“Hope is passion for what is possible,” the Danish Christian philosopher and theologian, Søren Kierkegaard (1813–1855) (considered to be a founder of Existentialist thought and Absurdist traditions. He wrote critical texts on organized religion, Christendom, morality, ethics, psychology and philosophy of religion, displaying a fondness for metaphor, irony and parables.)
“Hope is passion for what is possible,” which means that hope is not the right attitude in life for pies in the sky! Hope is based on what is possible. Hope is not some artificial, smug mask of an ear-to-ear smile worn over a face that is grim, oozing sadness, disgust, fear or even contempt to life and God! Hope is looking forward and upward with passion because hope knows that what it hopes for is truly possible!

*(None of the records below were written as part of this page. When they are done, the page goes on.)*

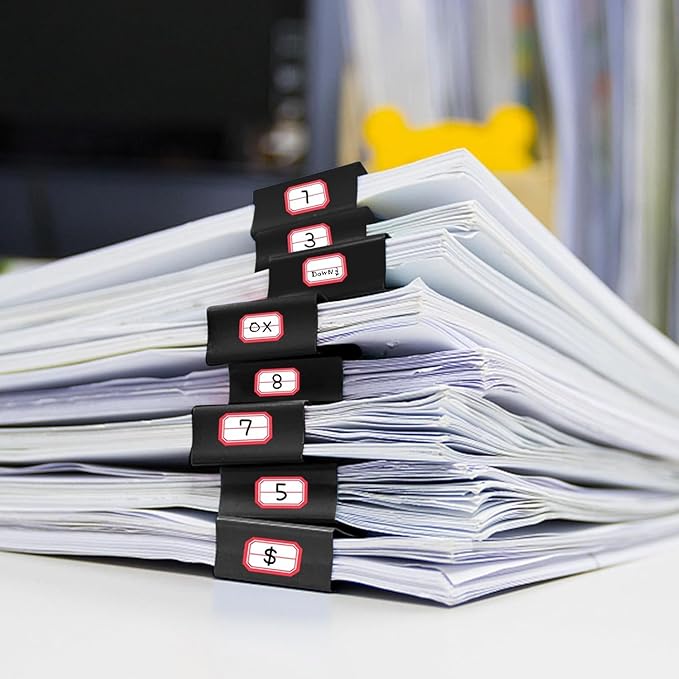 Deluxe AMT Binder Clip 32mm, Black, Box of 12 pcs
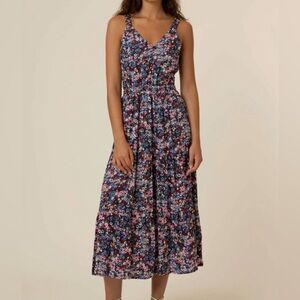 Printed midi dress BEAUTIFUL BACK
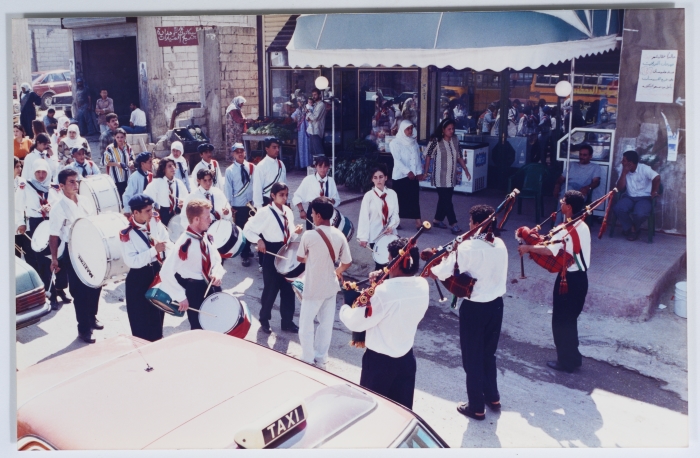 A musical performance in Rashidieh camp
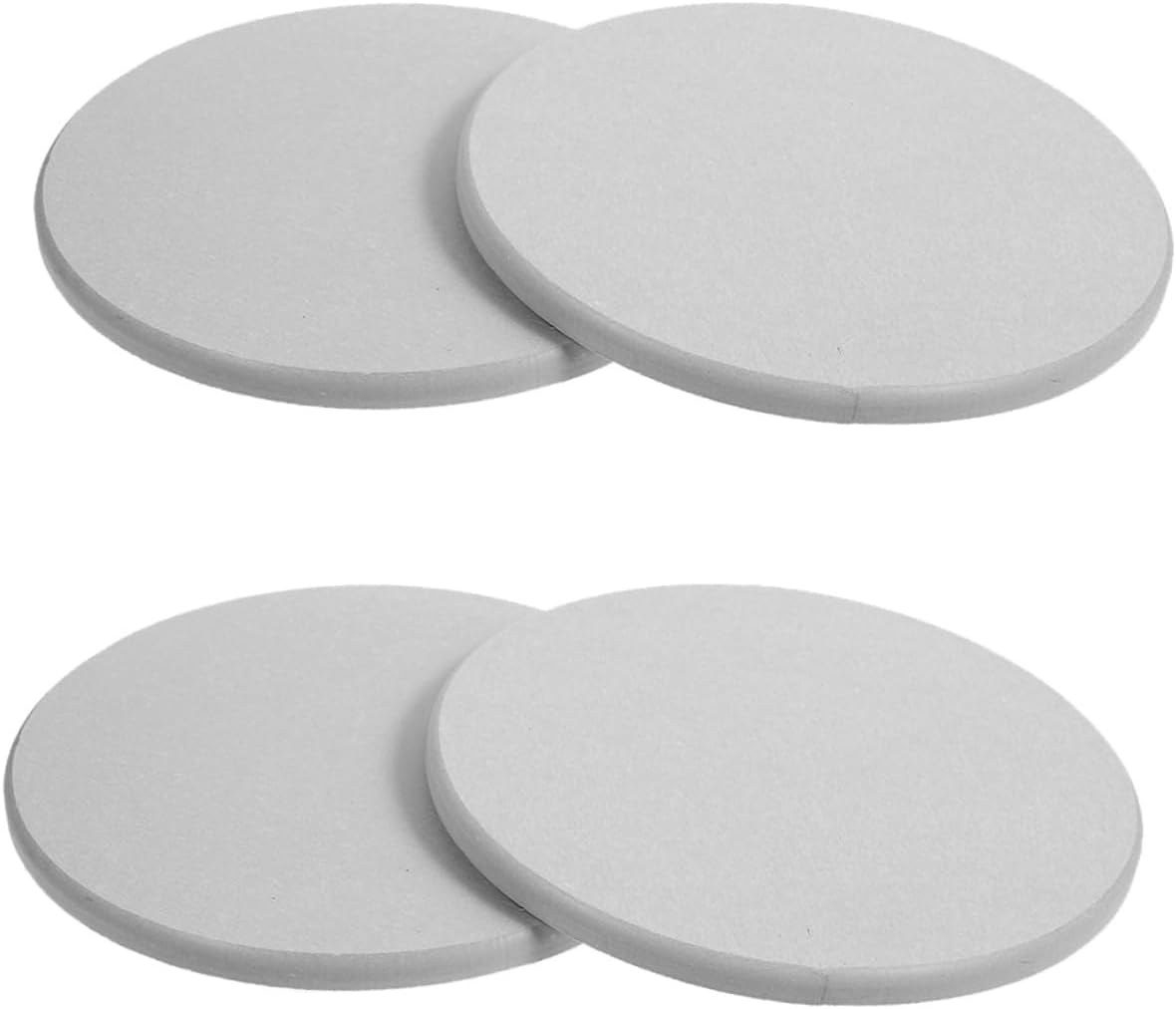 POPETPOP 4pcs Water Absorption Flower Pot Saucers Drip Trays for Indoor Plants Non-damaging Plant Trays Grey Color for Excess Water Drainage and Spillage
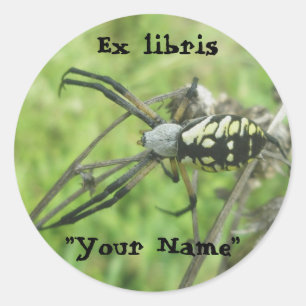 Ex libris Stickers Argiope aurantia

In around 65 AD, very close to Mark’s Gospel, 1Pt 3:15, presents its readers with an earth-shaking conviction: “Always be ready to make your defense to anyone who demands from you an accounting for the hope that is in you.” So, when someone asks you: where do you get your genuine smile from? How could you remain so strong? Where did you find the atomic strength to forgive so and so after all that they did to you? Or, look, tell me how do I make mine what you have?!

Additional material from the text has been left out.